## EXERCISE DESCRIPTION
Identify the lines in the data below that contain "Black" and give only how many there are.

## EXERCISE DATA
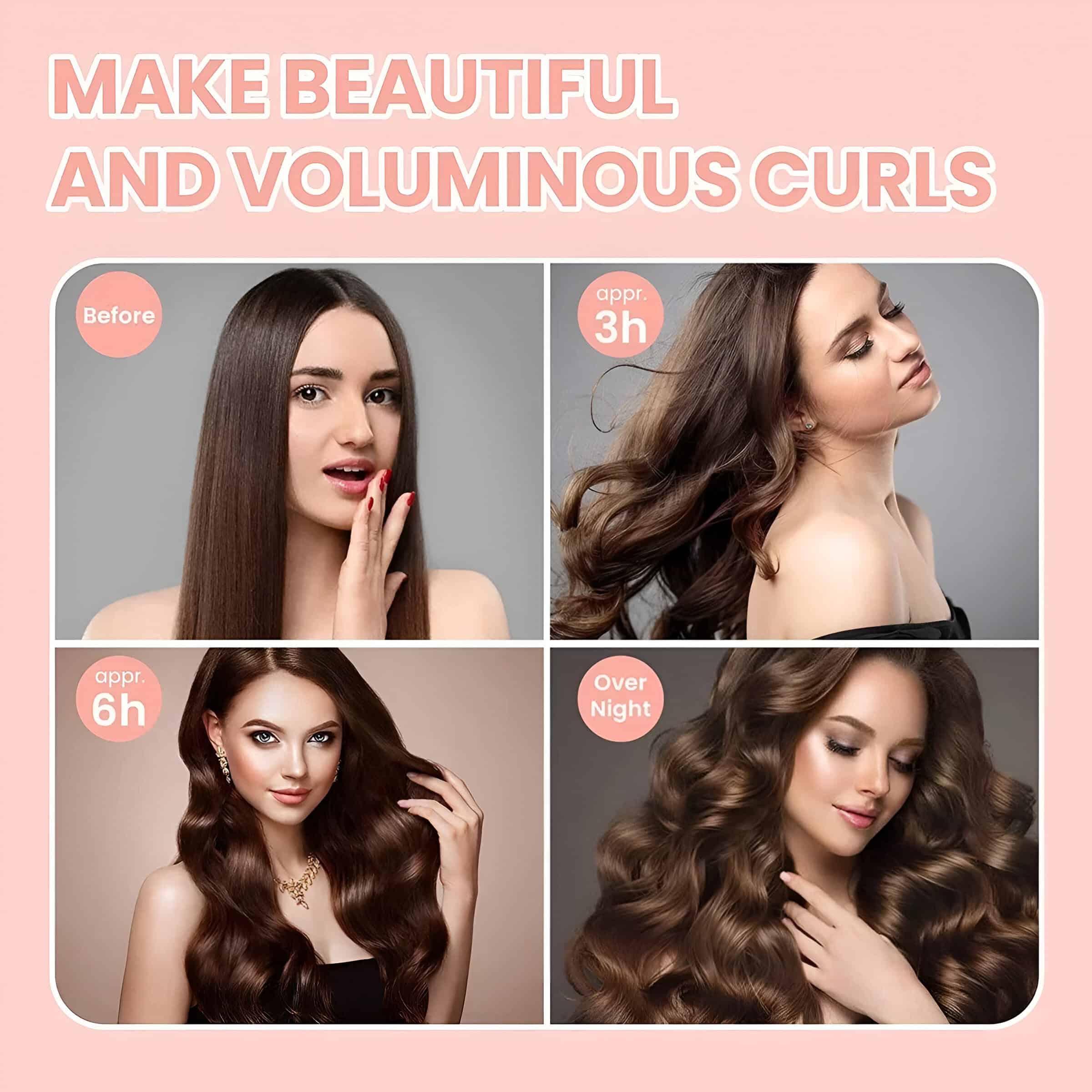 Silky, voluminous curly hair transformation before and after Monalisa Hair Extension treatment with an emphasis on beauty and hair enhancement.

* * *

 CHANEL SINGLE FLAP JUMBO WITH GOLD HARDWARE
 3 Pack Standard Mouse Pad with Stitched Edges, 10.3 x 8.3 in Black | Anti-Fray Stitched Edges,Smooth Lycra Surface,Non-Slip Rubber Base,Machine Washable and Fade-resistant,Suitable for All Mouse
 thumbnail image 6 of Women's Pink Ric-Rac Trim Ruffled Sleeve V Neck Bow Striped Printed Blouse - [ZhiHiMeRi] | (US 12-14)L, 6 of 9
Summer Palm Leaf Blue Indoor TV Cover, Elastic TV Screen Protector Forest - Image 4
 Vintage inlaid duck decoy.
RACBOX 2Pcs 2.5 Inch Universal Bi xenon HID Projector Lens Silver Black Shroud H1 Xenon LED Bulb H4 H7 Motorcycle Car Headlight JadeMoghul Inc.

## SOLVED PROBLEM
2